UCC leaders see promise in State of the Union
Calls to address the nation’s immigration system. Acknowledging the real threat of climate change. Finally closing the prison at Guantanamo Bay in Cuba.
Those are a few of the points from the State of the Union Address for which Sandy Sorensen applauded President Barack Obama. Sorensen, director of the United Church of Christ’s office in Washington, D.C., found hope in the remarks from Obama’s sixth formal address to Congress, delivered to the nation on Tuesday, Jan. 21.
But she believes there is a great challenge facing the administration and Congress this year.
“The challenge is whether or not we will return to patterns of partisan division or political gridlock, or if we will choose to rise to the highest level of cooperation,” Sorensen said.
The speech highlighted potential cooperation between the White House and Congress, including tax proposals to boost middle-class families, calls for an overhaul of the country’s immigration policies, and asking lawmakers to authorize the use of military force against Islamic extremist group ISIS.
“Given our longstanding UCC witness on economic justice, it was encouraging to hear the president respond to economic inequality and income disparity by outlining steps to address factors that keep workers and families from thriving – affordable child care, access to education and training, a raise in the minimum wage, paid sick leave and family leave,” Sorensen said. “As people of faith, we affirm a recommitment to the common good, an economy which includes the most vulnerable and marginalized.

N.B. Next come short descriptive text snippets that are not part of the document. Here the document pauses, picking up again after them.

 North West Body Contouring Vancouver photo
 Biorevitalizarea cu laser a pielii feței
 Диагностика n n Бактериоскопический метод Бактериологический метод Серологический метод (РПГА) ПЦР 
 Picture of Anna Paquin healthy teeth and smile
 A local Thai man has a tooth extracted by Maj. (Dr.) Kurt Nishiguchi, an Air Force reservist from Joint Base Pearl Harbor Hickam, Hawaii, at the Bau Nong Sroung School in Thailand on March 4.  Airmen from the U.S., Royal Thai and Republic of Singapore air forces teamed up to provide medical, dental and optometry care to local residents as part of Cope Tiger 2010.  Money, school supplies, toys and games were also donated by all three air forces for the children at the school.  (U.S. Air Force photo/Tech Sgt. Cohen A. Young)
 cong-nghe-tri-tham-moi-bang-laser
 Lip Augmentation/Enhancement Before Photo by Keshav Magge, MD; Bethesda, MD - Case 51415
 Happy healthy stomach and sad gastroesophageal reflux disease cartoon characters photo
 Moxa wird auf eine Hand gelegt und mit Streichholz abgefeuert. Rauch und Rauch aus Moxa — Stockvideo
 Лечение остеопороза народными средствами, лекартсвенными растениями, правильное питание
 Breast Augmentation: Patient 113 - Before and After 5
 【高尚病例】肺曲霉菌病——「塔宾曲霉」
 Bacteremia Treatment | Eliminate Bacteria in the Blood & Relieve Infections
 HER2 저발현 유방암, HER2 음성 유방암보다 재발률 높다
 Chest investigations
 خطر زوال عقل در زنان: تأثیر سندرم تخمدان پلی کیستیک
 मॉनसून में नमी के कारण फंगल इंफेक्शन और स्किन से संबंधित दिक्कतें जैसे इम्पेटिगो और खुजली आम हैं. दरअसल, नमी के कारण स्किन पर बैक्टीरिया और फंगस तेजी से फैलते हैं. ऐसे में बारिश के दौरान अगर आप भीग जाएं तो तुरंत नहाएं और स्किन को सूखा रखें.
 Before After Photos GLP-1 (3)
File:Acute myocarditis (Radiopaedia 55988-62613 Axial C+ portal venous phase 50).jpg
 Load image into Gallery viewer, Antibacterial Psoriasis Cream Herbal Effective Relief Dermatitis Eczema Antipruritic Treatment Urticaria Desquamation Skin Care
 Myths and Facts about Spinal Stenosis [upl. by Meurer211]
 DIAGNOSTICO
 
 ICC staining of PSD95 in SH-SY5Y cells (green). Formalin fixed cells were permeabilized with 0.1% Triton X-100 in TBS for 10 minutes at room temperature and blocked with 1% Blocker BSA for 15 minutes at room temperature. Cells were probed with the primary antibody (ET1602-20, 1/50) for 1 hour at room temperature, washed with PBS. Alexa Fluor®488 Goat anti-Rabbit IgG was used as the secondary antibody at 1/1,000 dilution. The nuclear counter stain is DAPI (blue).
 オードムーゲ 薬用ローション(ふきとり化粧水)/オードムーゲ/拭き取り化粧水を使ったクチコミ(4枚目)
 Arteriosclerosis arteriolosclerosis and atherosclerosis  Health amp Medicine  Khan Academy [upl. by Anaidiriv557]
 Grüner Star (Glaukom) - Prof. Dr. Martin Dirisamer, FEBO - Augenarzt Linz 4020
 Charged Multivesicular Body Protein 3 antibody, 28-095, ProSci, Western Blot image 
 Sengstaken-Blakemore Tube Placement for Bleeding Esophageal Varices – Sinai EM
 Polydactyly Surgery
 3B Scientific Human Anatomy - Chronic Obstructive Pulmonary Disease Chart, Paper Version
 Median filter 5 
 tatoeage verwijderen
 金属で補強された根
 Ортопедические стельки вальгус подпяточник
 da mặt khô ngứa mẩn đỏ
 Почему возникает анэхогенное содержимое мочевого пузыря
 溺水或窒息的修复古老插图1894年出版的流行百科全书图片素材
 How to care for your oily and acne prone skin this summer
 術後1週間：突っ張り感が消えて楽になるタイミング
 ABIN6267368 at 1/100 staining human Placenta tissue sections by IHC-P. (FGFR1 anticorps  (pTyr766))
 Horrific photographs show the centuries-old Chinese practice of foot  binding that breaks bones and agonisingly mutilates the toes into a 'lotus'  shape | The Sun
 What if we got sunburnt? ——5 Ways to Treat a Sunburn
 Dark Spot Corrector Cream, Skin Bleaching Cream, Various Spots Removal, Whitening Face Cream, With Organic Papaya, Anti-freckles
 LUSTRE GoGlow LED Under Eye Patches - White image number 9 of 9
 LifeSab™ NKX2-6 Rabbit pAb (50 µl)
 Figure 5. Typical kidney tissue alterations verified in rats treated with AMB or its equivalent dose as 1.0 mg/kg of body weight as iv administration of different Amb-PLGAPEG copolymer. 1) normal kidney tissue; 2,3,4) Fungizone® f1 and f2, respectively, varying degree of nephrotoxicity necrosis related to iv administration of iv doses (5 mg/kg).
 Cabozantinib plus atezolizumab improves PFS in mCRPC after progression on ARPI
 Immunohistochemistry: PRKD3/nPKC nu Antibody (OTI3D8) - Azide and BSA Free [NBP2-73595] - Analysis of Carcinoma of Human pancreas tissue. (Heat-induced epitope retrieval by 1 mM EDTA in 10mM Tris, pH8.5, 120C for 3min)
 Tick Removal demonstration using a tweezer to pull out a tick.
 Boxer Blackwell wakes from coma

The reality is that even as a few prosper in a slowly recovering economy, millions of Americans continue to struggle to make ends meet. We can do better than that.”
Obama’s speech recounted the tribulations from the first 15 years of the century, from the 9/11 terrorist attacks on the nation’s soil, to two costly wars in the Middle East, to one of the worst recessions that affected both the U.S. and the world.
“But tonight, we turn the page,” he said.
Obama supported action to address climate change, something Sorensen said was “certainly heartening given the growing evidence that continuing our reliance on fossil fuels and rolling back critical environmental protections is not the path to a viable future.”
Members of the UCC and the larger faith community have long called for a prohibition of torture and for closing the Guantanamo prison, which Sorensen said has undermined the credibility of the nation because torture tactics were used at the prison.
“We welcome the president’s call to follow through on that pledge, and will continue to hold Congress and the Administration to that promise,” she said. “The emphasis on diplomacy as a key to true global security is consistent with our UCC Just Peace Church vision.”
In closing, Sorensen said she and her staff look forward to working with the president and Congress “to restore voting rights and address racial disparities in our criminal justice system, critical elements of a just and fair democratic process.”